A special needs trust circumvents this stipulation, as the owner of the funds is technically the trust, not the beneficiary. Furthermore, you’ll choose a trustee to be in charge of disbursing the funds in the trust. So while the beneficiary benefits from the trust, he or she isn’t in control of its assets.
Estate planning documents often must adhere to specific standards depending on the state they are filed with. To be sure, check the laws surrounding special needs trusts in your state. Failing to meet these requirements may invalidate your trust.
There are, however, a couple of universal rules that must be followed for a special needs trust to maintain validity:
- If you are creating a special needs trust for a beneficiary, you must do so before the beneficiary turns 65.
- Funds from the trust usually can’t be used to pay for food or shelter.
Sometimes a situation crops up in which someone could benefit from a special needs trust, but they themselves own the funds in question. In other words, what if you come into some money, but you don’t want to interfere with your own ability to receive SSDI or Medicaid? In this situation, you can create a first-party special needs trust in which you serve as both the beneficiary and the grantor. Be advised that these can be complicated to draw up, as states have varying rules determining their validity.
A first-party special needs trust houses money that belongs to its beneficiary. That’s in contrast to a third-party special needs trust, which holds funds that a beneficiary does not directly lay claim to. These are generally used by grantors to allow the beneficiary to begin receiving funds from the trust even before their death.
Another major benefit of a third-party special needs trust is that because the funds never technically belong to the beneficiary, they cannot be used for Medicaid payments. This way, the grantor can use the trust to not only save money for the beneficiary, but also future beneficiaries.
The third and final version of these trusts is the pooled special needs trust. These are unique in that nonprofit organizations manage their assets for a fee. More specifically, these organizations pool the funds of multiple trusts together and invest them. When it comes to payments, beneficiaries receive an amount equal to their percentage of the pooled trust’s balance.Benefits of a Special Needs Trust
A special needs trust, if established correctly, can be a win-win situation. The beneficiary wins, naturally, because they have financial support coming their way that doesn’t exclude them from further help. Meanwhile, the grantor of the trust has peace of mind knowing that their funds are being spent according to their wishes.

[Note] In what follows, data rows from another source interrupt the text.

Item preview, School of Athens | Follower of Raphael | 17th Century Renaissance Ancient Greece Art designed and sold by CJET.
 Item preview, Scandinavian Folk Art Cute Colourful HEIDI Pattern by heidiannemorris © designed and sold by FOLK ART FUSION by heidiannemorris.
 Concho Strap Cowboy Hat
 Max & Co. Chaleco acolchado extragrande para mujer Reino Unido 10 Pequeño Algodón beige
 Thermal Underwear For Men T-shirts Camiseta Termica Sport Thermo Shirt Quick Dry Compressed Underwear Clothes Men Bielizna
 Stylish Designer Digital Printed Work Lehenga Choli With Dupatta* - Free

A special needs trust allows you to put down in writing what you wish your funds’ purpose to be, making it legally binding. Since special needs trusts are irrevocable, you can also protect your funds from creditors and lawsuits against the trust’s beneficiary. To reap these benefits, however, you must make sure to word your trust carefully and correctly. To ensure you accomplish this, it’s typically wise to consult an estate planning attorney when finalizing the trust. A financial advisor can also help you build a financial plan that incorporates a robust estate plan.Bottom Line
The whole point of leaving funds behind for your loved ones is to make their lives easier, not harder. A special needs trust makes this possible, allowing you to help your beneficiary deal with the expenses that come with illness or disability without hamstringing their ability to get other assistance.Tips for Planning Your Estate
- While it’s possible to make an estate plan yourself, there are numerous pitfalls to DIY estate planning. You’re probably better off working with an attorney and a financial advisor, particularly if your situation is complex. Finding the right financial advisor that fits your needs doesn’t have to be hard. SmartAsset’s free tool matches you with financial advisors in your area in 5 minutes. If you’re ready to be matched with local advisors that will help you achieve your financial goals, get started now.
- Take steps to minimize your estate taxes. Your beneficiaries could lose a significant chunk of their inheritance to taxes. There are a number of ways to prevent this from happening, though. For example, you can give portions of your assets to family members through gifts or by setting up an irrevocable life insurance trust.